## Required action
Restate the data that follows exactly as it stands, beginning with the first line and ending with the line that contains "NWT Macaw Pineapple".

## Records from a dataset
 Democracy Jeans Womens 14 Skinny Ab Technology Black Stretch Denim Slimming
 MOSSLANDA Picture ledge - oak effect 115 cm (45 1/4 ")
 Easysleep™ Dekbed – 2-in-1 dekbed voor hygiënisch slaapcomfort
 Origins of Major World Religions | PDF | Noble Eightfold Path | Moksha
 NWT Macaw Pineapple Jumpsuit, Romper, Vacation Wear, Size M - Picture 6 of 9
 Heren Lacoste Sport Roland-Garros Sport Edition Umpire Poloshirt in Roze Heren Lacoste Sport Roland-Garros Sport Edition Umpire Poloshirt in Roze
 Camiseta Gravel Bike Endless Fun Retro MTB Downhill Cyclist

## Output below
 Democracy Jeans Womens 14 Skinny Ab Technology Black Stretch Denim Slimming
 MOSSLANDA Picture ledge - oak effect 115 cm (45 1/4 ")
 Easysleep™ Dekbed – 2-in-1 dekbed voor hygiënisch slaapcomfort
 Origins of Major World Religions | PDF | Noble Eightfold Path | Moksha
 NWT Macaw Pineapple Jumpsuit, Romper, Vacation Wear, Size M - Picture 6 of 9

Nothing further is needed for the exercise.